Attached patch fixes the original issue case 1 from the description. This is a much simplified code for the algorithm proposed and tested by John Pruitt in comment 3, and approved by John A in comment 4 and comment 10.

Rather than waiting for a more general solution which would also fix case 2, I'm going to commit this since it satisfies the submitter's original needs as well as Szymon's regression test. I slightly modified the regression test to re-use existing createSymbolicLink() and avoid running the test when symbolic links are not supported.

For fixing case 2, it's going to be necessary to track all symbolic links in the workspace in some data structure and keep them up-to-date. This matches the description of bug 198291, so I'm going to track it there.

Two more special cases should be covered by the Unittest:
  (a) 2 symbolic links to the same location should return 2 files (comment 5)
  (b) find files when the project location itself is on a symbolic link, i.e.
      the canonical path of the project location != the original path of it.
Comment 19 Martin Oberhuber CLA 2010-02-04 12:49:25 EST
(In reply to comment #18)
I just committed improvements to Szymon's regression test, to ensure that the test cleans up its temporary files when done. I also added a testcase for
comment 5, but found out that this also needs to be addressed by bug 198291, so that additional test is currently disabled.

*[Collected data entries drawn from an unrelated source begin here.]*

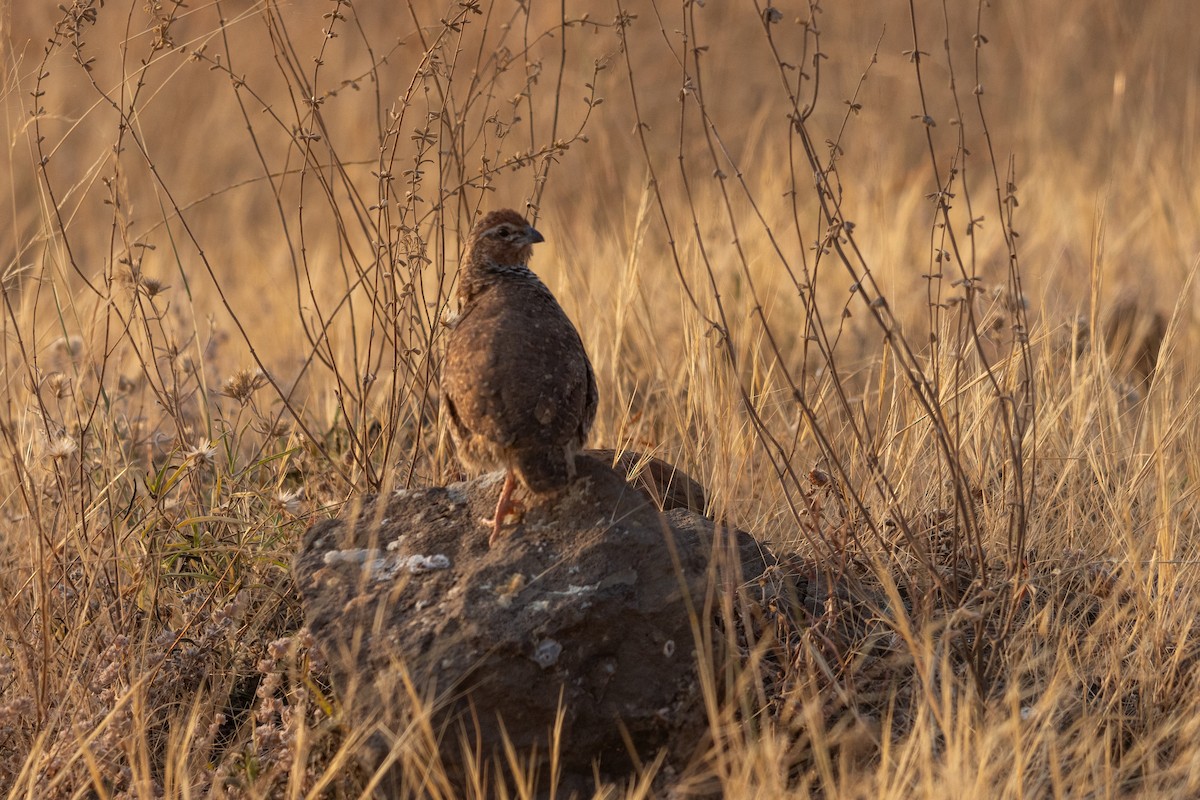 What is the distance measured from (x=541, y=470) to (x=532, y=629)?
0.47m

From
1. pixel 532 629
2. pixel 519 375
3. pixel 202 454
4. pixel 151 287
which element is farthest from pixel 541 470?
pixel 151 287

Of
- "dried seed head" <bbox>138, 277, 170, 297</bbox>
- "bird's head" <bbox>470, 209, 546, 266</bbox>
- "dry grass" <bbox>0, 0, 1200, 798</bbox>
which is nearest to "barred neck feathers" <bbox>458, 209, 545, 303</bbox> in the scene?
"bird's head" <bbox>470, 209, 546, 266</bbox>

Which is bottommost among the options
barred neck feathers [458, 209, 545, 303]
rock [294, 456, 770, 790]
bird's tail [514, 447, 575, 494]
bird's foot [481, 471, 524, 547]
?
rock [294, 456, 770, 790]

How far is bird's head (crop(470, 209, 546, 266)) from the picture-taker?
4.40 m

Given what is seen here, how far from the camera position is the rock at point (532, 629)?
3428 mm

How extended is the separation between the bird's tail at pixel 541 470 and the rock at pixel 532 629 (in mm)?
101

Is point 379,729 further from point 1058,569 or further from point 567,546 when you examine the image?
point 1058,569

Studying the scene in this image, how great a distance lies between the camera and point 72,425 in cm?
480

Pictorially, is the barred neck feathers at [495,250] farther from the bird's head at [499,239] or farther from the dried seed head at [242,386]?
the dried seed head at [242,386]

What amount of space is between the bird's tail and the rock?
101 mm

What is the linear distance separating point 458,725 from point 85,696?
3.84 feet

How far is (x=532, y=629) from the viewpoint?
347cm

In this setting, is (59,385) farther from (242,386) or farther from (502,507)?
(502,507)

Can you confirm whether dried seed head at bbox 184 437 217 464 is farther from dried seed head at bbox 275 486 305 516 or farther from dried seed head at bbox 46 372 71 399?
dried seed head at bbox 46 372 71 399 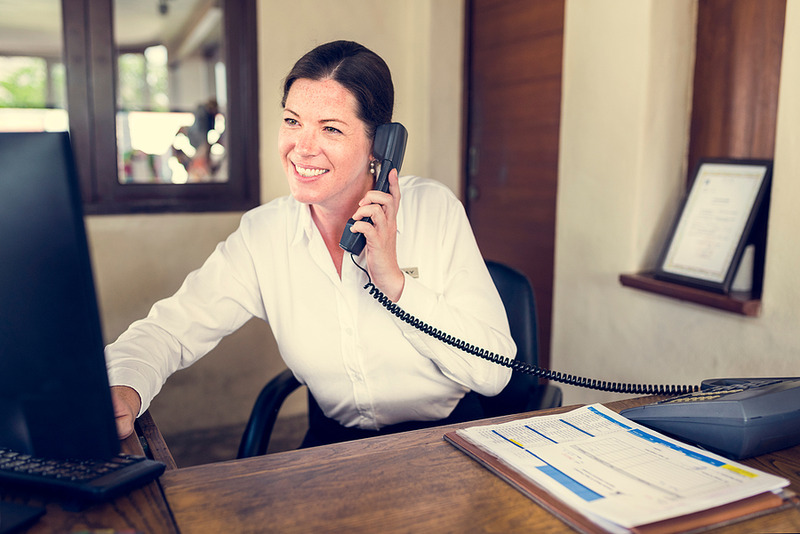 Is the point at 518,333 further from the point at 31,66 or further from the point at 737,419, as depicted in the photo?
the point at 31,66

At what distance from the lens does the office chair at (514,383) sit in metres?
1.46

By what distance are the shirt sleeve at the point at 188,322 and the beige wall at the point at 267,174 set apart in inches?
56.2

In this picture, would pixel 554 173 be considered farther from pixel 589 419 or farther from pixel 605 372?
pixel 589 419

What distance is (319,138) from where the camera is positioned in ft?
4.63

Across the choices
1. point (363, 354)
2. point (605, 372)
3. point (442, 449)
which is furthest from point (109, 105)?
point (442, 449)

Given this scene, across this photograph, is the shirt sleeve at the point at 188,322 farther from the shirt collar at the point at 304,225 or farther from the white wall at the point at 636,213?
the white wall at the point at 636,213

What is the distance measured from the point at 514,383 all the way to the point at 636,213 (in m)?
0.80

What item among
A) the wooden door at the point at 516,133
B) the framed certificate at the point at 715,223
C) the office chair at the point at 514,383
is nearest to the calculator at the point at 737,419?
the office chair at the point at 514,383

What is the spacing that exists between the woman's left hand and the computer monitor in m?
0.66

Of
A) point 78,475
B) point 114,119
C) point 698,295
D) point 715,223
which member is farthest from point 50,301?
point 114,119

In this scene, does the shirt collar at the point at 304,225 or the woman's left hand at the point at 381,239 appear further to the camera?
the shirt collar at the point at 304,225

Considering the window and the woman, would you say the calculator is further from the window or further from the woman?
the window

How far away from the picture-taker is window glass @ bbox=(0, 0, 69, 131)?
8.34 feet

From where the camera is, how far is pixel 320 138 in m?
1.41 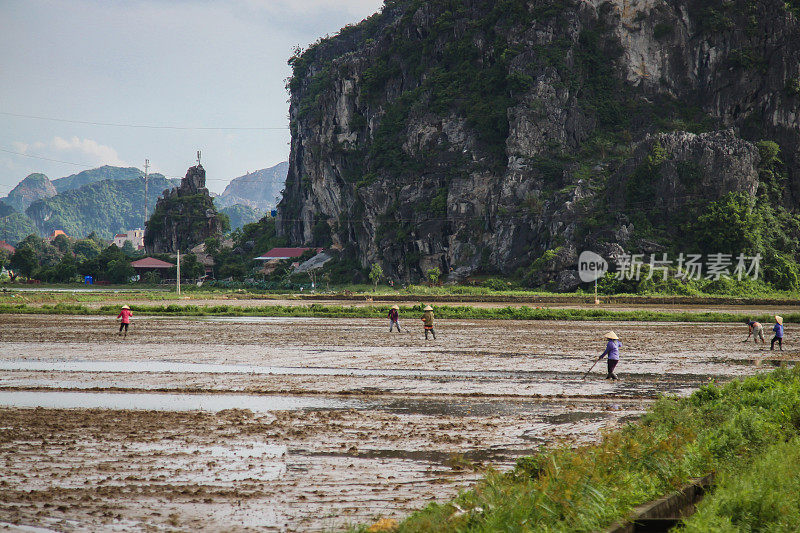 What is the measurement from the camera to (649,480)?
8.13 m

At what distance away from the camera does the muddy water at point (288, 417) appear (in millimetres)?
8562

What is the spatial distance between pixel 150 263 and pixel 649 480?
131599mm

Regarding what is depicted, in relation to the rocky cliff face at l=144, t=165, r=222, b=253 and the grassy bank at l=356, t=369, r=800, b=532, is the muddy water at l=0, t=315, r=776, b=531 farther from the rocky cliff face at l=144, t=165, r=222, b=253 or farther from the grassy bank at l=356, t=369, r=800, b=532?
the rocky cliff face at l=144, t=165, r=222, b=253

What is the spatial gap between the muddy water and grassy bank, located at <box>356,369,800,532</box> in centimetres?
133

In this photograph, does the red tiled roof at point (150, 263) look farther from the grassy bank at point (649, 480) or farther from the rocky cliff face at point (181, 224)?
the grassy bank at point (649, 480)

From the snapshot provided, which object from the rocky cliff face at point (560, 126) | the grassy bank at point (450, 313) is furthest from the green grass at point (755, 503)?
the rocky cliff face at point (560, 126)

I'm marking this FIXED since the original problem is fixed, and I do not have time now to write the additional test case for

>   (b) find files when the project location itself is on a symbolic link, i.e.
>       the canonical path of the project location != the original path of it.

If that turns out being an issue, then it'll need to be addressed by storing the project location in both its canonical form as well as its originally specified form. But that can also be tracked with a separate bug if the issue arises.